Nothing is needed except the lines below that run from the one with "Meia Soquete Bebê RN Menino Zoo" through the one with "2015 Ram 2500", repeated exactly.

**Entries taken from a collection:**
****************************************
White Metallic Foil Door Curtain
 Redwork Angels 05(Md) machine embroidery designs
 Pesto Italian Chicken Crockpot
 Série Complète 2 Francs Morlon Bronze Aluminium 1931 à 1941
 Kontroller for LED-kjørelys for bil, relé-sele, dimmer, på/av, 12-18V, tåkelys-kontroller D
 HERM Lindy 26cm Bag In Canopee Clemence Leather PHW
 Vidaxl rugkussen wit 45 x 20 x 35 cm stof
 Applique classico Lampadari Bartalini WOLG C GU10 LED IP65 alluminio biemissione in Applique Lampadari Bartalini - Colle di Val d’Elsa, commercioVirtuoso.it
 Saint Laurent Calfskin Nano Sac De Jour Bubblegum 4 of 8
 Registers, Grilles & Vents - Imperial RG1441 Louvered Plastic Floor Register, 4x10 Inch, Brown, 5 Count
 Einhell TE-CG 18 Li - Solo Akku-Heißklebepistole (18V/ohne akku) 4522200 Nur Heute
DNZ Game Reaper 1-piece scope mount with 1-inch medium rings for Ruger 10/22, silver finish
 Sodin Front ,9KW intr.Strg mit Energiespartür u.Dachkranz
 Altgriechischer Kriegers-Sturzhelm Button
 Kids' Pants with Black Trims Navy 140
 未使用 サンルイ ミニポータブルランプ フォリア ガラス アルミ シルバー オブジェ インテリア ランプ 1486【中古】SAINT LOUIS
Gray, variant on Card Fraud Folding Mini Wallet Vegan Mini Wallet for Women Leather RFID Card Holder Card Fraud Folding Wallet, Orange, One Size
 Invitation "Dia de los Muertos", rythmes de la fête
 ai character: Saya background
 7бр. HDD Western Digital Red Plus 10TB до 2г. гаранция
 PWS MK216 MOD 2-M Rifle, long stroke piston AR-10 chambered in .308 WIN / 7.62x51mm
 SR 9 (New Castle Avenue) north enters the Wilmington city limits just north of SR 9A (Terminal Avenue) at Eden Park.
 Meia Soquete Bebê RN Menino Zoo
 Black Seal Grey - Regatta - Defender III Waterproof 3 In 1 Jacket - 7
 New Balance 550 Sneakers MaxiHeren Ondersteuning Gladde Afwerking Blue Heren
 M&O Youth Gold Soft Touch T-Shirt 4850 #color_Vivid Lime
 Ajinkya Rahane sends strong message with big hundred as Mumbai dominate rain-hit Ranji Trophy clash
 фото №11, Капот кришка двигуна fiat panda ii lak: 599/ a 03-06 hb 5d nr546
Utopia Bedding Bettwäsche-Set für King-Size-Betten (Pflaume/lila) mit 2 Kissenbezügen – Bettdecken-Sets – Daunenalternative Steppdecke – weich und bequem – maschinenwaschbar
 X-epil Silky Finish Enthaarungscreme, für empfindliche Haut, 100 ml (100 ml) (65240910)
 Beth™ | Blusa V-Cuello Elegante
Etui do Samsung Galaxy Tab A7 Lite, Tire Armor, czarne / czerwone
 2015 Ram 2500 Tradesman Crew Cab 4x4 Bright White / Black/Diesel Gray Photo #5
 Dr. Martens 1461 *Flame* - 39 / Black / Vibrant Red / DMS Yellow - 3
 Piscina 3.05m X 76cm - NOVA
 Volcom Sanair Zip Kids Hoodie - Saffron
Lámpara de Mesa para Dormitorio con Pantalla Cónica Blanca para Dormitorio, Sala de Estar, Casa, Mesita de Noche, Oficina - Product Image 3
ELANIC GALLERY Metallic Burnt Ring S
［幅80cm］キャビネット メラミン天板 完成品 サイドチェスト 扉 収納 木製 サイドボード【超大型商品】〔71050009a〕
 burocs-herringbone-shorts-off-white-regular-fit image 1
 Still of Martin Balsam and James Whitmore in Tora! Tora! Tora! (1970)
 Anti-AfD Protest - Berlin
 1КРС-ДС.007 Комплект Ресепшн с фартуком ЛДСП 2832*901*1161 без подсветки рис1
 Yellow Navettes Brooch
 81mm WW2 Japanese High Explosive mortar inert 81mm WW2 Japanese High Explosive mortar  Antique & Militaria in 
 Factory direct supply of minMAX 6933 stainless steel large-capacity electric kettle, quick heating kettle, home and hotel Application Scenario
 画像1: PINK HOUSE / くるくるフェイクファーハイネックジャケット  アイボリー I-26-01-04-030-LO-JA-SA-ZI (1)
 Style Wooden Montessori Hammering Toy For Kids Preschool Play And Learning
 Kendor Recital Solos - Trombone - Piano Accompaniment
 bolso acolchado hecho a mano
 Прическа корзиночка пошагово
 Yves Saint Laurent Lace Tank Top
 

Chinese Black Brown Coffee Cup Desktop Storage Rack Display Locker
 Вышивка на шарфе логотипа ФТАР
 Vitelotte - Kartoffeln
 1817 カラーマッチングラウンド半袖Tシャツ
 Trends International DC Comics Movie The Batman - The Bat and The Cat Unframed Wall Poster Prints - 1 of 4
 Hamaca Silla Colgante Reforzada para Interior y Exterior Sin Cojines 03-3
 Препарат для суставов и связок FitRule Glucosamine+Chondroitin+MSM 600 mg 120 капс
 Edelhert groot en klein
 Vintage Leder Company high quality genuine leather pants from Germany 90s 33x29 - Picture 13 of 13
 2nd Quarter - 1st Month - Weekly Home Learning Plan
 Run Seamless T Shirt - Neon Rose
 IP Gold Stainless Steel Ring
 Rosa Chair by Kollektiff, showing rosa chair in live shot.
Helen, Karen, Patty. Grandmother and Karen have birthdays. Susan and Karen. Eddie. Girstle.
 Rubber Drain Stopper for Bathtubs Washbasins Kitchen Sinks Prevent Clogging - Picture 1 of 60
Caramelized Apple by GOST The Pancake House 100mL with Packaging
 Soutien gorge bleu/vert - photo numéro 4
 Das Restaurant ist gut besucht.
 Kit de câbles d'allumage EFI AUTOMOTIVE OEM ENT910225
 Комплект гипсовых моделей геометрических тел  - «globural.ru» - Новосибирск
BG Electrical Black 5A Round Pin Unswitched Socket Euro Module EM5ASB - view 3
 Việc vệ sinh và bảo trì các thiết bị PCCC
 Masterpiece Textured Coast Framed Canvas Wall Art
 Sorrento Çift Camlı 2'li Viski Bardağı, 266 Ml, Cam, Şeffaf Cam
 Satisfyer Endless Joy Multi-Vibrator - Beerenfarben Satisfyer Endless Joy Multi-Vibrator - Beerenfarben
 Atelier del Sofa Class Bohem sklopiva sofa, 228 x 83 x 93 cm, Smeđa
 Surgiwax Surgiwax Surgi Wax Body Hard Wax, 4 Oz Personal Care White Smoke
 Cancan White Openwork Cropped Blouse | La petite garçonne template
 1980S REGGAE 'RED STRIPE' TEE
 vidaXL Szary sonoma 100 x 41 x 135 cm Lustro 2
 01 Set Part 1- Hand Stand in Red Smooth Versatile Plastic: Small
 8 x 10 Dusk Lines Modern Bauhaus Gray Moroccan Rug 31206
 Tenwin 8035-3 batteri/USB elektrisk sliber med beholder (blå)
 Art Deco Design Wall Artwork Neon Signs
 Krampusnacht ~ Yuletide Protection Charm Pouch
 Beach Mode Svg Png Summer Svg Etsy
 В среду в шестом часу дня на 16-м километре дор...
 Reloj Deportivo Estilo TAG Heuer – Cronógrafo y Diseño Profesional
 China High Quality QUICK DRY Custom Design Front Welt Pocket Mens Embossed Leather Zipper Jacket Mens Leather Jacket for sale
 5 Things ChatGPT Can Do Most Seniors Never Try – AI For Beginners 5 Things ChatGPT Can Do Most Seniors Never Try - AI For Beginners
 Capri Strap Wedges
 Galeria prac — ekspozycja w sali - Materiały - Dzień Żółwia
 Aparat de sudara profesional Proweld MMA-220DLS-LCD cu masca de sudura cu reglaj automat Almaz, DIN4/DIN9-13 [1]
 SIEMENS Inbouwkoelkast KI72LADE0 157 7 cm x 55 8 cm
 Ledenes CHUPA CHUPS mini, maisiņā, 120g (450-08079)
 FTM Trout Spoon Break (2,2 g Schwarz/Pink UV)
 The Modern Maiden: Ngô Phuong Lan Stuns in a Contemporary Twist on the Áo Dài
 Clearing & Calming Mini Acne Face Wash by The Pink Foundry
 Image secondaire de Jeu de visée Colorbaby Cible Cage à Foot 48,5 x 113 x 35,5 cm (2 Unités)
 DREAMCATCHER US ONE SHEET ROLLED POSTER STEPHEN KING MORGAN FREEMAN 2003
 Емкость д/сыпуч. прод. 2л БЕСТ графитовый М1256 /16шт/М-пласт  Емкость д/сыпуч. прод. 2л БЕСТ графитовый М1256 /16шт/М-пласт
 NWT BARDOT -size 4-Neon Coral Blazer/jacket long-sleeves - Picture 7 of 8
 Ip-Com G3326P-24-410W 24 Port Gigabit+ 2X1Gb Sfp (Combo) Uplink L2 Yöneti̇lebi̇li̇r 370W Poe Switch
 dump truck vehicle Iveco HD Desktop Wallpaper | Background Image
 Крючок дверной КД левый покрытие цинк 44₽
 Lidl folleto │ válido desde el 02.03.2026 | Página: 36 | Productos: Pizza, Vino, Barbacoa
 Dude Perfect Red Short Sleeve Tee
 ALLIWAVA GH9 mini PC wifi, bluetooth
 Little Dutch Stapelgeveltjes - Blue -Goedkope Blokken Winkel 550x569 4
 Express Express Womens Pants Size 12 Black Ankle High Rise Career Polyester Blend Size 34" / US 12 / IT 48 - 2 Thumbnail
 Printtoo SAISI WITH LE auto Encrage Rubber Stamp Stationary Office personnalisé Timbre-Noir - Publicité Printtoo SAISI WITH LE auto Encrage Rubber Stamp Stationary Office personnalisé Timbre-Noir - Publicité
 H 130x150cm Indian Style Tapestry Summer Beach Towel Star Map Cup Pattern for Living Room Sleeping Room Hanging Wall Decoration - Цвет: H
****************************************
**Written answer:**
 Meia Soquete Bebê RN Menino Zoo
 Black Seal Grey - Regatta - Defender III Waterproof 3 In 1 Jacket - 7
 New Balance 550 Sneakers MaxiHeren Ondersteuning Gladde Afwerking Blue Heren
 M&O Youth Gold Soft Touch T-Shirt 4850 #color_Vivid Lime
 Ajinkya Rahane sends strong message with big hundred as Mumbai dominate rain-hit Ranji Trophy clash
 фото №11, Капот кришка двигуна fiat panda ii lak: 599/ a 03-06 hb 5d nr546
Utopia Bedding Bettwäsche-Set für King-Size-Betten (Pflaume/lila) mit 2 Kissenbezügen – Bettdecken-Sets – Daunenalternative Steppdecke – weich und bequem – maschinenwaschbar
 X-epil Silky Finish Enthaarungscreme, für empfindliche Haut, 100 ml (100 ml) (65240910)
 Beth™ | Blusa V-Cuello Elegante
Etui do Samsung Galaxy Tab A7 Lite, Tire Armor, czarne / czerwone
 2015 Ram 2500 Tradesman Crew Cab 4x4 Bright White / Black/Diesel Gray Photo #5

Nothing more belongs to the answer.